Task description: Below are some records. Return exactly their lines from the one containing "Cover image for" through the one containing "Used Honda HR-V", and drop the pictures.

Given data:

--------------------------------------------------

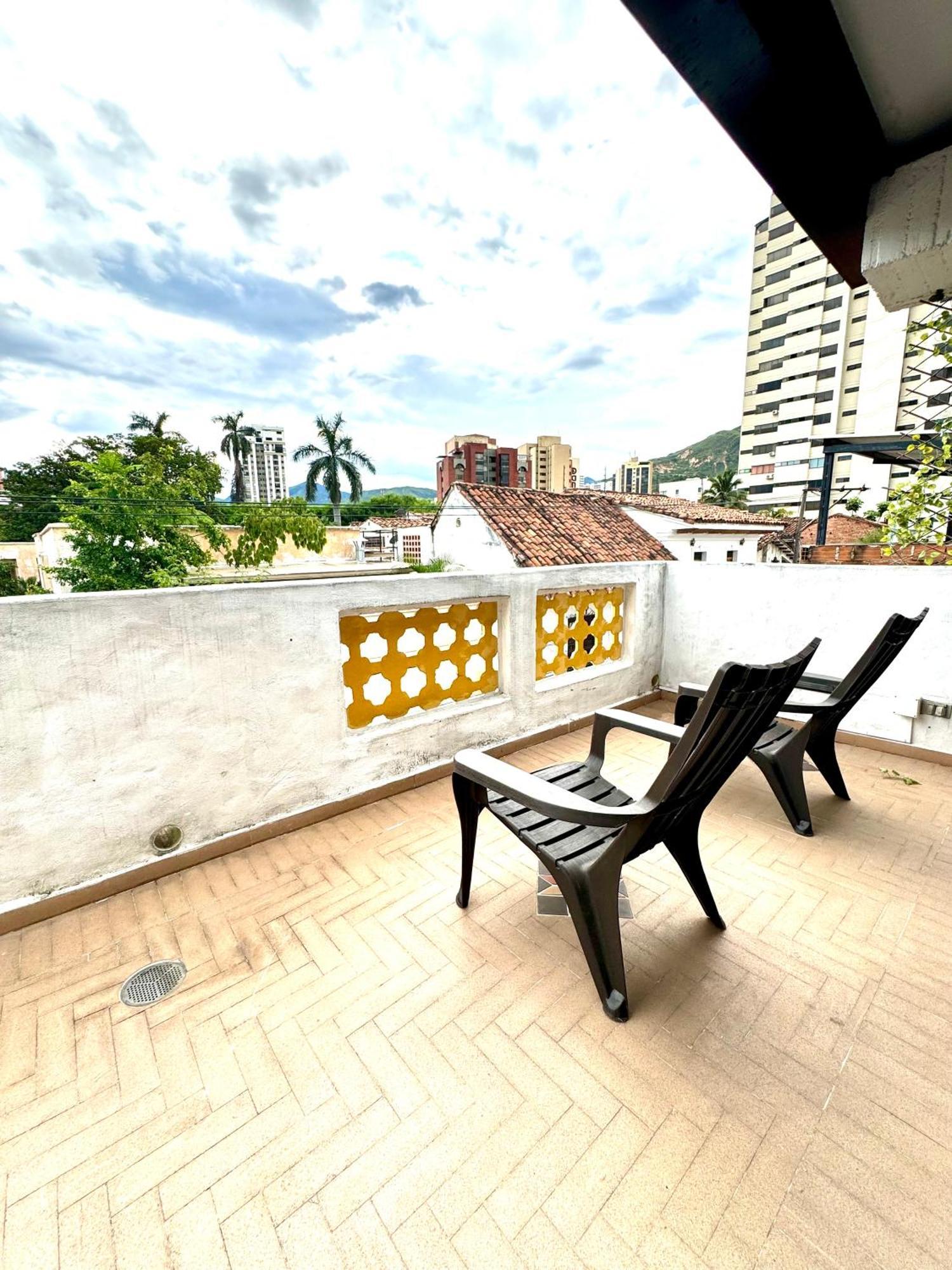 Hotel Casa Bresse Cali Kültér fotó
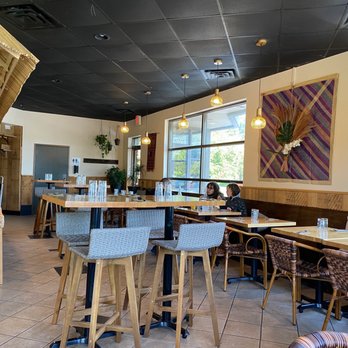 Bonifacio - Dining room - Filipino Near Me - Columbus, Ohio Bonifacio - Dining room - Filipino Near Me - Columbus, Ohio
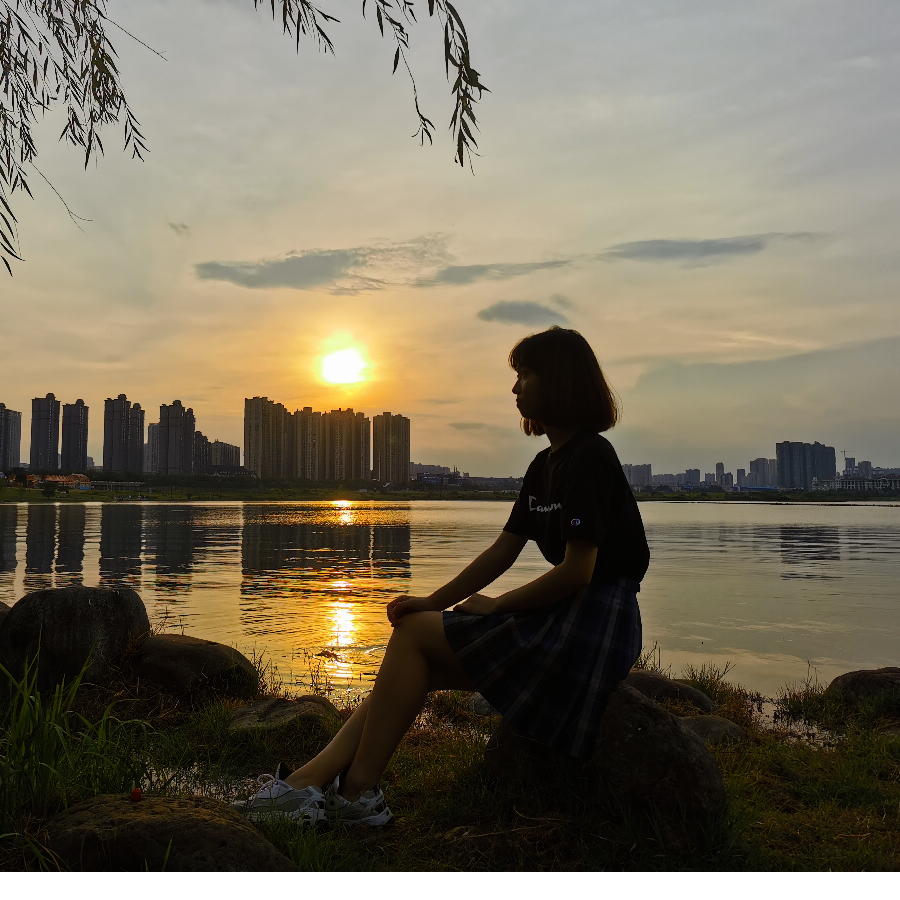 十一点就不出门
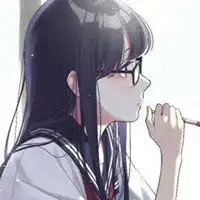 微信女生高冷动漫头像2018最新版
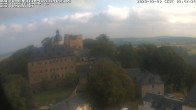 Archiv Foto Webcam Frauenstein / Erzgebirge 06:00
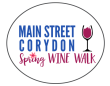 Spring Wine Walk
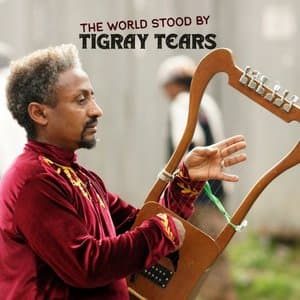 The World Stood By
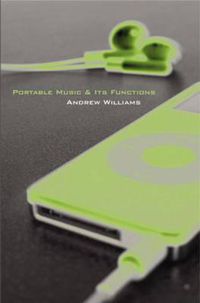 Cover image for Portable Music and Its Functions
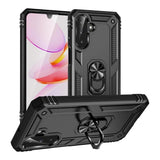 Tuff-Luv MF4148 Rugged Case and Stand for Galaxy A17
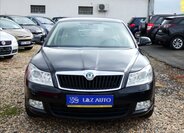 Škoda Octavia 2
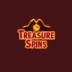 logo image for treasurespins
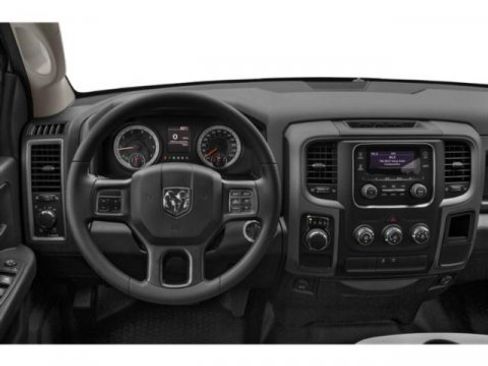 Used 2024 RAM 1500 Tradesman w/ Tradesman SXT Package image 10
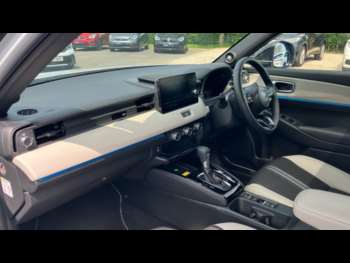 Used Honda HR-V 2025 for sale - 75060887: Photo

--------------------------------------------------

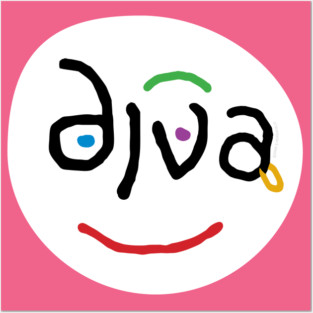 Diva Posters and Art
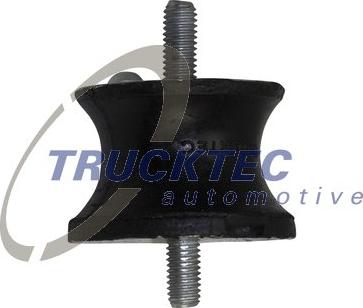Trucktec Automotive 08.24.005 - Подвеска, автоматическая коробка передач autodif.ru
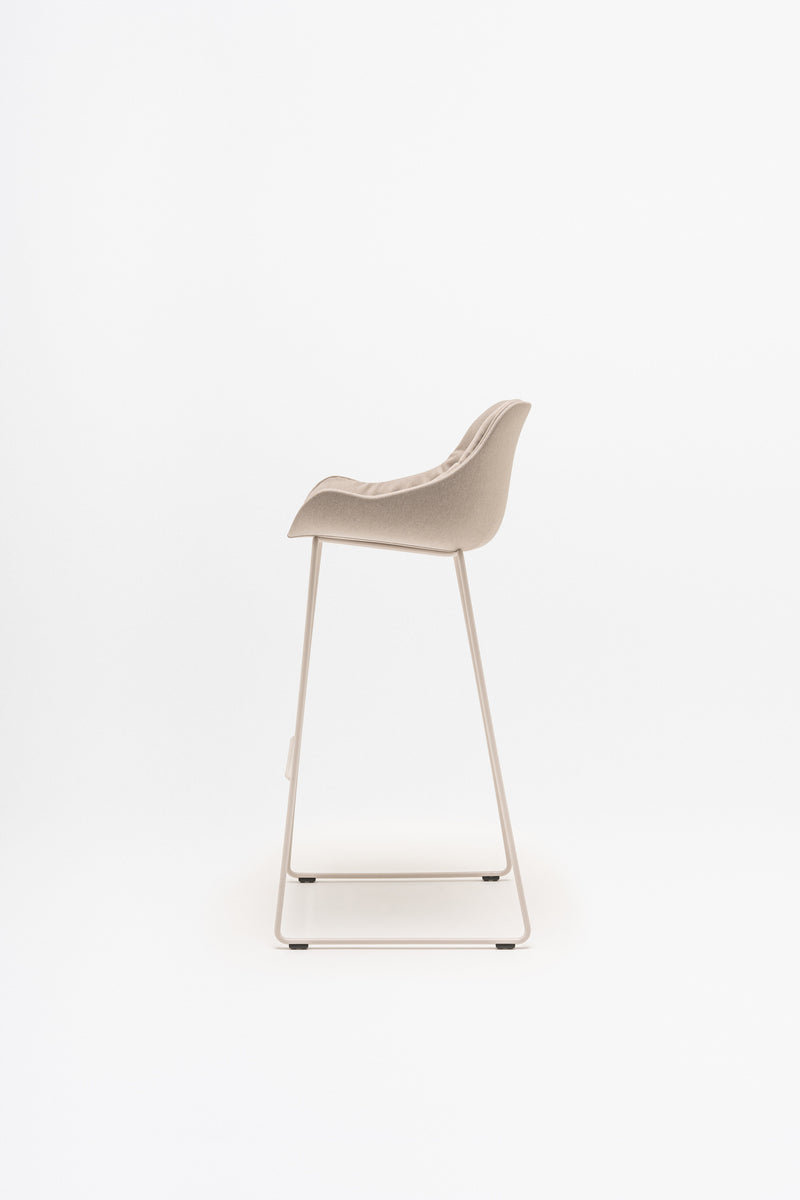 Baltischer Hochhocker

--------------------------------------------------

Exercise answer:
 Cover image for Portable Music and Its Functions
 Tuff-Luv MF4148 Rugged Case and Stand for Galaxy A17
 Škoda Octavia 2
 logo image for treasurespins
 Used 2024 RAM 1500 Tradesman w/ Tradesman SXT Package image 10
 Used Honda HR-V 2025 for sale - 75060887: Photo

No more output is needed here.